Manual Installation using Packages



This section describes installing CDAP on Hadoop clusters that are:

  • Generic Apache Hadoop distributions;
  • CDH (Cloudera Data Hub) clusters not managed with Cloudera Manager; or
  • HDP (Hortonworks Data Platform) clusters not managed with Apache Ambari.

Cloudera Manager (CDH), Apache Ambari (HDP), and MapR distributions should be installed with our other distribution instructions.

  • As CDAP depends on HDFS, YARN, HBase, ZooKeeper, and (optionally) Hive and Spark, it must be installed on cluster host(s) with full client configurations for these dependent services.
  • The CDAP Master Service must be co-located on a cluster host with an HDFS client, a YARN client, an HBase client, and—optionally—Hive or Spark clients.
  • Note that these clients are redundant if you are co-locating the CDAP Master on a cluster host (or hosts, in the case of a deployment with high availability) with actual services, such as the HDFS Namenode, the YARN resource manager, or the HBase Master.
  • You can download the Hadoop client and HBase client libraries, and then install them on the hosts running CDAP services.

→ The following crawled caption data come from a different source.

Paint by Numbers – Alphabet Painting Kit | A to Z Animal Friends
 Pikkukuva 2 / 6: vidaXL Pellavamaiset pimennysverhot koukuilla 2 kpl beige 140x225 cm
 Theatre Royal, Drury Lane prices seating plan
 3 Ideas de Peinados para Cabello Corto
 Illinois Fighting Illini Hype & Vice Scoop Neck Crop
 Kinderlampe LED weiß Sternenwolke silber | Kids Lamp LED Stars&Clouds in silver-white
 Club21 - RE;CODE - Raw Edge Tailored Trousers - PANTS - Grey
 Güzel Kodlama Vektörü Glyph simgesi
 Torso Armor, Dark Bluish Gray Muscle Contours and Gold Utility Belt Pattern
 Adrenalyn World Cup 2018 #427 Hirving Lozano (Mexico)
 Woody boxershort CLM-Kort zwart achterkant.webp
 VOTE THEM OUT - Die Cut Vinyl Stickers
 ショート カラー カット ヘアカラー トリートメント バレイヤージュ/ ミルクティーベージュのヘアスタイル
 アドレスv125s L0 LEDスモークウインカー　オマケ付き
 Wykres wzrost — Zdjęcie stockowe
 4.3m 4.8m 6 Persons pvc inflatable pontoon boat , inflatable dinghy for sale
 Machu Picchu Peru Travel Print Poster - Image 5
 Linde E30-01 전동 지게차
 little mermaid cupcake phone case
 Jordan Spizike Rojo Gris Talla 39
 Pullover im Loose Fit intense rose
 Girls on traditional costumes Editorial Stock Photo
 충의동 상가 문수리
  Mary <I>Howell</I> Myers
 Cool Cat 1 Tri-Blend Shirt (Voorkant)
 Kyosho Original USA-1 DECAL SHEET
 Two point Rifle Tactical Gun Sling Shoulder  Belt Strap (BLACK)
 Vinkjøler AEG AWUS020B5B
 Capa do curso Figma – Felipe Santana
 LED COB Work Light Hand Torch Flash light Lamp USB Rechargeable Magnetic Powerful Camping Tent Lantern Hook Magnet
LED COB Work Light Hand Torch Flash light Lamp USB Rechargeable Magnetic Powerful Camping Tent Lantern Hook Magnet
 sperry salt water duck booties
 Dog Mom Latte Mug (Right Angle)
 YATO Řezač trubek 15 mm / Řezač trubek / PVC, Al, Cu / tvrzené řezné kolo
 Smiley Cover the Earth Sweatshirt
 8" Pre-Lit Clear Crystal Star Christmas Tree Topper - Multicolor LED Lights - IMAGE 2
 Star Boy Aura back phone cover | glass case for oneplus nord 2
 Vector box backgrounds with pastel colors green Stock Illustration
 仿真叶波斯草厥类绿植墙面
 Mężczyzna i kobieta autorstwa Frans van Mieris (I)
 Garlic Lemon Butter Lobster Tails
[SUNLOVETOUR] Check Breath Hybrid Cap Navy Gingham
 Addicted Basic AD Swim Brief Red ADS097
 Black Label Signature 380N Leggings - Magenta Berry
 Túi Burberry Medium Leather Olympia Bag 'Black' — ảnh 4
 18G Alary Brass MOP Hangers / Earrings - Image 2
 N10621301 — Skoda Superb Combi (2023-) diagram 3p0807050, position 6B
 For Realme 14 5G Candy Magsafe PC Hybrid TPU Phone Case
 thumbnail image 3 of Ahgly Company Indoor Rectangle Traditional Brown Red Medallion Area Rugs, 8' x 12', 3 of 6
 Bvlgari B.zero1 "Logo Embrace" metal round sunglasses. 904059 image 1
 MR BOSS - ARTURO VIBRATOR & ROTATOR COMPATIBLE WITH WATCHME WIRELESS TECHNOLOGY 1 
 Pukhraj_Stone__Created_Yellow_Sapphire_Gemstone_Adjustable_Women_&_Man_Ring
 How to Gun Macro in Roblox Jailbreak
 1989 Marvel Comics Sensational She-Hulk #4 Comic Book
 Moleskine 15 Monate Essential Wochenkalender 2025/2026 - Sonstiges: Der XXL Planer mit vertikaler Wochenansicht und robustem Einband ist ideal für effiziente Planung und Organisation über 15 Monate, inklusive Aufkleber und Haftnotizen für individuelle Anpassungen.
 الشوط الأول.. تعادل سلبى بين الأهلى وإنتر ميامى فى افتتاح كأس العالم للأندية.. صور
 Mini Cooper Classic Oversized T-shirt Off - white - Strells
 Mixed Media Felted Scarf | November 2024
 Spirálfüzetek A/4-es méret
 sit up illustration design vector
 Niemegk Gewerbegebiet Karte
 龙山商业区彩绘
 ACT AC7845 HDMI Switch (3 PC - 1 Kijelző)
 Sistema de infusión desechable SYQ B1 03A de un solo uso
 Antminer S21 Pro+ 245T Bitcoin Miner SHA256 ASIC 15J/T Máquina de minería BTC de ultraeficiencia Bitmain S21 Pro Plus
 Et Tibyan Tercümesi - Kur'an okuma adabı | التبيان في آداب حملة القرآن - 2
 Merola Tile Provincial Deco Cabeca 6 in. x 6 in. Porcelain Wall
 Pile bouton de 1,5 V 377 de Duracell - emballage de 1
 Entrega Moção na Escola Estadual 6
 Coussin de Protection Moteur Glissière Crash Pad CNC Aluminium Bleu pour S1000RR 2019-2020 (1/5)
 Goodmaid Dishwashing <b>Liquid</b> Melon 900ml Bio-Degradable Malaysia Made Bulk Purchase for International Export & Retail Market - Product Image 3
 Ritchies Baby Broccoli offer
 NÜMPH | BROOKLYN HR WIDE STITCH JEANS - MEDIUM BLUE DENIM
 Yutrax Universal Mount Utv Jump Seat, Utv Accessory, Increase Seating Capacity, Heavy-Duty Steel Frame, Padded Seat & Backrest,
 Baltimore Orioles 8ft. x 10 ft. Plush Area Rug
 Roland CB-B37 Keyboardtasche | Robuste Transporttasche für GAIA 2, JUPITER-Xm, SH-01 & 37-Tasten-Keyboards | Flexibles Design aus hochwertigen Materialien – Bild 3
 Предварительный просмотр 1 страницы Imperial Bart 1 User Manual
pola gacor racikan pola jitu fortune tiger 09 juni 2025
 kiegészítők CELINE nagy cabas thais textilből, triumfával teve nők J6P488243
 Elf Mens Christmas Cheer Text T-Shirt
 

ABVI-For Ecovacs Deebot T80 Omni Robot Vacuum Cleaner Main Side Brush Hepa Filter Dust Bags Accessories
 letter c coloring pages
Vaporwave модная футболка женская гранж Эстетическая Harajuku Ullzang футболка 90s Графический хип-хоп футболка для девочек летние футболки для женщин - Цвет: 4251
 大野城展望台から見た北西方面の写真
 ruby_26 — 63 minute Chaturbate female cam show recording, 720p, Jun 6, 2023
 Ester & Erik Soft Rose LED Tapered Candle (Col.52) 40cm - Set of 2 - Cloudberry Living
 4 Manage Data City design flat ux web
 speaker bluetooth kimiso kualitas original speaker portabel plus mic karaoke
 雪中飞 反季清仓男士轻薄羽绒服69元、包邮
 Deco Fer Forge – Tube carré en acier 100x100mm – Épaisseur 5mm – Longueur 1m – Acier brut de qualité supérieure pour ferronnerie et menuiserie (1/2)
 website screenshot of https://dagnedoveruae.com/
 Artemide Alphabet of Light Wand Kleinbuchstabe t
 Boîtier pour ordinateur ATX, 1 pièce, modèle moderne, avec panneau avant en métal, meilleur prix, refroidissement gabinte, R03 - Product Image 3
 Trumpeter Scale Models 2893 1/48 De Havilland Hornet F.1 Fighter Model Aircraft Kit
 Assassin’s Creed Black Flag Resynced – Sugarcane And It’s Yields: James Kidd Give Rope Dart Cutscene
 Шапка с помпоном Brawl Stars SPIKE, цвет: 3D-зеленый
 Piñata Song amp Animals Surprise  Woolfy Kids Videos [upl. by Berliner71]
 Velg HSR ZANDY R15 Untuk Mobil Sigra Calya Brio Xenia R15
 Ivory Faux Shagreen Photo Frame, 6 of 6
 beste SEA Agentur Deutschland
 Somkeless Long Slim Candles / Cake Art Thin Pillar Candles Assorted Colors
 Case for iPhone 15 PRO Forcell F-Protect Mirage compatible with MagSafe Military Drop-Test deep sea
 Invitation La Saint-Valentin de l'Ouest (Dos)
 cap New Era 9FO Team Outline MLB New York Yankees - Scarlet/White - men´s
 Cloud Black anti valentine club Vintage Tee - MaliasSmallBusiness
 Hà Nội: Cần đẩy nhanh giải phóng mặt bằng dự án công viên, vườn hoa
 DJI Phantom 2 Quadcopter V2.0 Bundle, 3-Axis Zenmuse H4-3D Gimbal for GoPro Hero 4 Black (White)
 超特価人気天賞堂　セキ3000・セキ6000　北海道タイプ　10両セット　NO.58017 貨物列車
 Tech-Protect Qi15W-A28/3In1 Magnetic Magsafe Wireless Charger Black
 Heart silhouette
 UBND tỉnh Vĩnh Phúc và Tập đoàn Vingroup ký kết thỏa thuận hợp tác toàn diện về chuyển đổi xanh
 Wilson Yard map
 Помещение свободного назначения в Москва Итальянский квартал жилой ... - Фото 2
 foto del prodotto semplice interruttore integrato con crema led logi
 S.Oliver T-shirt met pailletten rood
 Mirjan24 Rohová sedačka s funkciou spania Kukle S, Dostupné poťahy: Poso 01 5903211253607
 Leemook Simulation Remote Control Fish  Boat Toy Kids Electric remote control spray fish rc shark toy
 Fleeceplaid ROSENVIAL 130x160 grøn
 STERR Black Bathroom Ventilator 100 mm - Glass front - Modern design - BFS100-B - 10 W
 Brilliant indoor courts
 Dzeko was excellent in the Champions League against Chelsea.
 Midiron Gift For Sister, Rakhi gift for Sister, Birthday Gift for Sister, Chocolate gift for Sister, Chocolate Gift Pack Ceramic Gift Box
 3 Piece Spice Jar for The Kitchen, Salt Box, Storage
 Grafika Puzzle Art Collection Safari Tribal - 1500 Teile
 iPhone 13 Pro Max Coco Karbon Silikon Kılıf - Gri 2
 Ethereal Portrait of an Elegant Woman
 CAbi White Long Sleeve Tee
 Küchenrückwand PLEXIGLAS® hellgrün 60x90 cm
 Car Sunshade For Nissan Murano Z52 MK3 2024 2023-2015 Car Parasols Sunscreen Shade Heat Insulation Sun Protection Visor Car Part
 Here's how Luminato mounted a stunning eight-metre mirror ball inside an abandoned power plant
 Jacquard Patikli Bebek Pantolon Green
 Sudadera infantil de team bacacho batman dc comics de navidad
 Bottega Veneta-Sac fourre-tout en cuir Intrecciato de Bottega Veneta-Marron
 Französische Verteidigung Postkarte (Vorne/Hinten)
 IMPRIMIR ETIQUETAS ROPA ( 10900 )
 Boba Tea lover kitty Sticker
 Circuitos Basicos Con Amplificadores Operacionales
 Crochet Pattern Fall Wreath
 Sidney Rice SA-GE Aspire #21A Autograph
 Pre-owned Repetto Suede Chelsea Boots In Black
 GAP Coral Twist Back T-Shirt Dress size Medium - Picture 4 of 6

No Hadoop or HBase services need be running.
  • All services run as the 'cdap' user installed by the package manager.

Preparing the Cluster

Please review the Software Prerequisites, as a configured Hadoop, HBase, and Hive (plus an optional Spark client) needs to be configured on the node(s) where CDAP will run.

Hadoop Configuration

  1. ZooKeeper’s maxClientCnxns must be raised from its default. We suggest setting it to zero (0: unlimited connections). As each YARN container launched by CDAP makes a connection to ZooKeeper, the number of connections required is a function of usage.

  2. Ensure that YARN has sufficient memory capacity by lowering the default minimum container size (controlled by the property yarn.scheduler.minimum-allocation-mb). Lack of YARN memory capacity is the leading cause of apparent failures that we see reported. We recommend starting with these settings:

    • yarn.nodemanager.delete.debug-delay-sec: 43200
    • yarn.scheduler.minimum-allocation-mb: 512 mb

    Please ensure your yarn.nodemanager.resource.cpu-vcores and yarn.nodemanager.resource.memory-mb settings are set sufficiently to run CDAP, as described in the CDAP Memory and Core Requirements.

HDFS Permissions

Ensure YARN is configured properly to run MapReduce programs. Often, this includes ensuring that the HDFS /user/yarn directory exists with proper permissions:

# su hdfs
$ hdfs dfs -mkdir -p /user/yarn && hadoop fs -chown yarn /user/yarn && hadoop fs -chgrp yarn /user/yarn

Downloading and Distributing Packages

Preparing Package Managers

CDAP components are available as either Yum .rpm or APT .deb packages. There is one package for each CDAP component, and each component may have multiple services. Additionally, there is a base CDAP package with three utility packages (for HBase compatibility) installed which creates the base configuration and the cdap user. We provide packages for Ubuntu 12 and CentOS 6.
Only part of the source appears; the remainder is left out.